Electric guitar, baritone electric guitar, 12-string electric guitar


----------



## davidson (Apr 5, 2022)

chrisr said:


> Fish
> Chips
> Mushy peas


Immediately hungry.


----------



## RSK (Apr 5, 2022)

Evans said:


> Silence
> Something silenter
> Something even more silenty


You have OT confused with Spitfire.


----------



## Evans (Apr 5, 2022)

RSK said:


> You have OT confused with Spitfire.


"Great artists steal."
- Michael Scott


----------



## G_Erland (Apr 5, 2022)

Water drum
Bamboo flute
Conch-shell trumpet


----------



## Mrmonkey (Apr 5, 2022)

Big fish
Little fish
Cardboard box


----------



## Evans (Apr 5, 2022)

Doorknob
Ankle
Cold

(get the reference?)


----------



## Hendrixon (Apr 5, 2022)

Earth
Wind
Fire


----------



## wxyz (Apr 5, 2022)

Biwa, B3, Bebop sax


----------



## Ed Wine (Apr 5, 2022)

Knife
Fork
Spoon


----------



## rrichard63 (Apr 5, 2022)

Evans said:


> Doorknob
> Ankle
> Cold
> 
> (get the reference?)


No, please enlighten me.


----------



## nolotrippen (Apr 5, 2022)

Blaster Beam
Blaster Beam
Blaster Beam


----------



## Technostica (Apr 5, 2022)

One banana 
Two banana 
Three banana 
Four 
(The fourth banana is available separately as an expansion pack).


----------



## Flyo (Apr 5, 2022)

Shakuhachi
Koto
Samisen🙄


----------



## Nattapak (Apr 5, 2022)

Horn
Cello
Synth (some soundscape)


----------



## Royosho (Apr 5, 2022)

Seashells & Conchs - specifically a Shankh, possibly shell shakers


----------



## Jdiggity1 (Apr 5, 2022)

@OrchestralTools We'll let this one run, but the thread-bumping guessing games are a "no-no" on the forum, so please don't do it again. Host them on your socials instead.
This thread has been moved to "Competitions!"


----------



## Evans (Apr 5, 2022)

Pretty sure that Jdiggity has the correct guess and we've lost.


----------



## Markastellor (Apr 6, 2022)

The title picture looks "spring-like" to me.
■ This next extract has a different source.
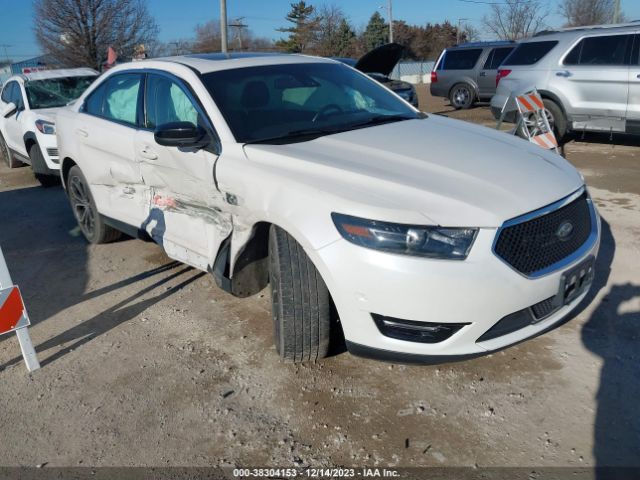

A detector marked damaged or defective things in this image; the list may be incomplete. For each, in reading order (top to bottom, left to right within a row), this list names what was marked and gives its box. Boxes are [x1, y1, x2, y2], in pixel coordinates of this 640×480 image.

damaged sedan door [134, 72, 231, 272]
I'm guessing that it is some pastorale type thing
Pan pipes
Fife
Recorder


----------



## jamie8 (Apr 6, 2022)

Lawn mower 
Weed eater 
Hedge trimmer


----------



## Sonarium (Apr 6, 2022)

something with guitar, maybe.... maybe a trio?


----------



## holywilly (Apr 6, 2022)

Where are the banners?


----------



## Sonarium (Apr 6, 2022)

I'll add vocals and a trumpet to the guitar


----------



## hummersallad (Apr 6, 2022)

Guitar
Guitar
Guitar


----------



## Simeon (Apr 6, 2022)

And it's LIVE

OPALINE: Strat, Trumpet, Vocals



https://www.orchestraltools.com/store/collections/opaline


----------



## Zanshin (Apr 6, 2022)

Uh my guess is:

Guitar, Trumpet, Vocals


----------



## Evans (Apr 6, 2022)

Yeah, this was silly. No one was going to guess these. I haven't bought anything but still want a refund. Still might buy it but hey there ya go.


----------



## holywilly (Apr 6, 2022)

The artwork doesn’t feel like guitar, vocal and trumpet at all, it’s more like spring, liveness and oriental. 
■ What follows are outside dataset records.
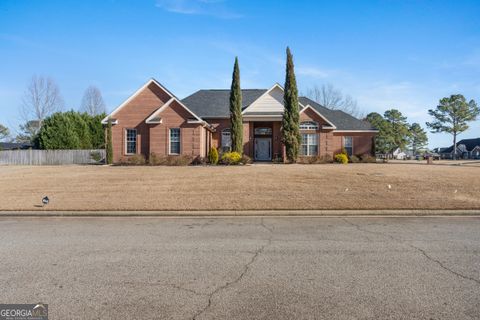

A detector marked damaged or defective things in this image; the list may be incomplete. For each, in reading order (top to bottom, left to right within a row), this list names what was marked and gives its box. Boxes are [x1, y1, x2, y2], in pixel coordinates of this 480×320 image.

cracked asphalt road [0, 216, 480, 318]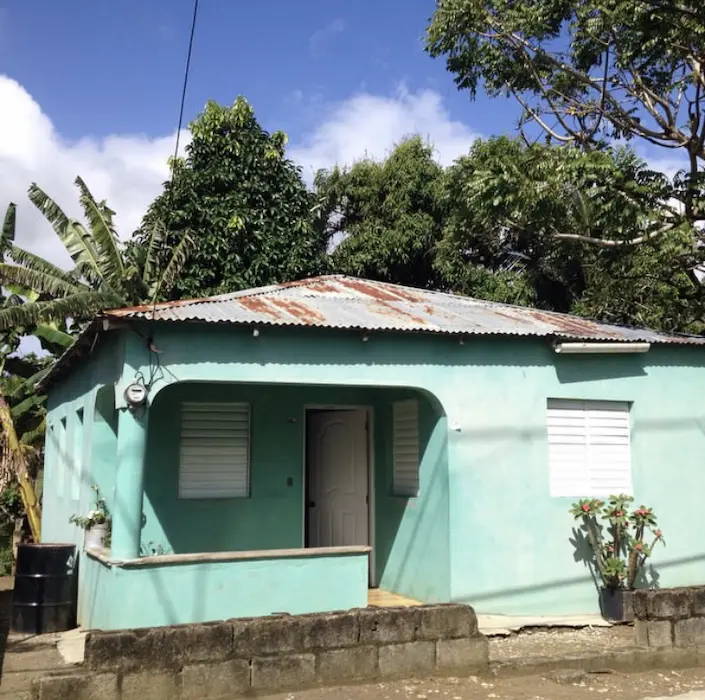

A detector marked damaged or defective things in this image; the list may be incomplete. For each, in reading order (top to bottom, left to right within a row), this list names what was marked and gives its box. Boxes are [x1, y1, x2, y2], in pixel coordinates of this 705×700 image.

rusty roof section [103, 276, 704, 348]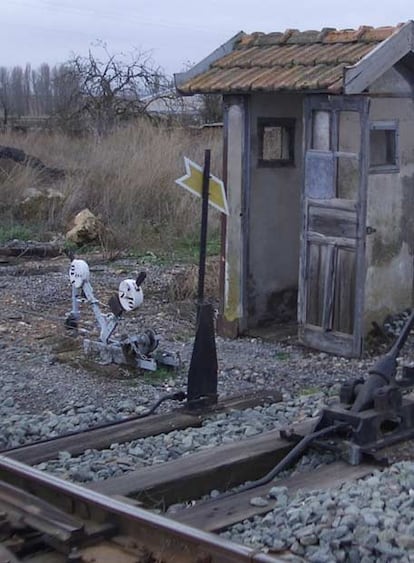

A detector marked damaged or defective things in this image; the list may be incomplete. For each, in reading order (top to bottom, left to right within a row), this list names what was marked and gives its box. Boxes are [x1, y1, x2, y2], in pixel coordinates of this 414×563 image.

rusty roof edge [175, 31, 246, 95]
rusty roof edge [342, 20, 414, 93]
peeling paint wall [246, 93, 304, 326]
peeling paint wall [366, 70, 414, 330]
rusty metal part [0, 456, 282, 560]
Anyway, it’s a great release and just bought.


----------



## OrchestralTools (Apr 6, 2022)

Hi everyone, 

Opaline is out now - details in the original post. 
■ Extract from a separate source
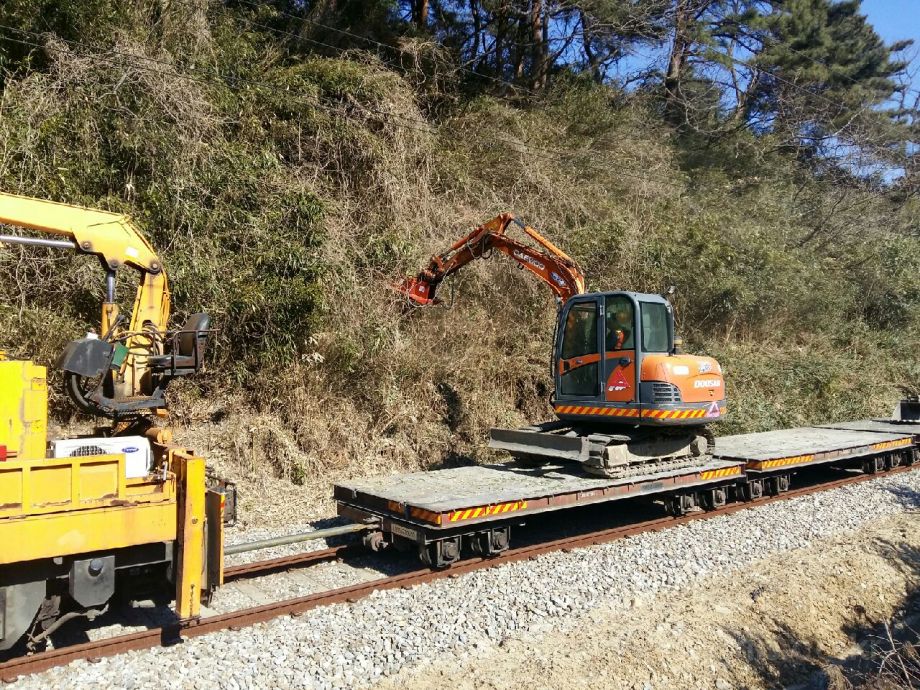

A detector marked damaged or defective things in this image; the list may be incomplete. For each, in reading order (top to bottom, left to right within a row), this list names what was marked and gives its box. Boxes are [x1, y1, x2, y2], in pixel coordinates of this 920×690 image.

rusty metal surface [712, 422, 904, 460]
rusty metal surface [330, 456, 740, 510]
rusty metal surface [0, 462, 912, 676]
We'd like to thank you all very much for your guesses. While no one got all of the instruments - we're going to pick a few that came close or made us laugh! 🚀

Best,
OT


----------



## OrchestralTools (Apr 6, 2022)

davidson said:


> Guitar, mandolin, ukulele.





nolotrippen said:


> trumpet, sax, trombone.





Michaelt said:


> Acoustic guitar, electric guitar, bass guitar.
> 
> Oh those already exist in the LA Sessions library. Crap!


Winners! 🏅


dbudimir said:


> Rock
> Paper
> Scissors





gyprock said:


> Celine Dion
> Barry Manilow
> Leo Sayer


Two bonus winners for the very funny answers. 😂

If you could all please get in touch privately with your SINE account details, we'll assign the licenses over to you.


----------



## Drundfunk (Apr 6, 2022)

Jdiggity1 said:


> @OrchestralTools We'll let this one run, but the thread-bumping guessing games are a "no-no" on the forum, so please don't do it again. Host them on your socials instead.
> This thread has been moved to "Competitions!"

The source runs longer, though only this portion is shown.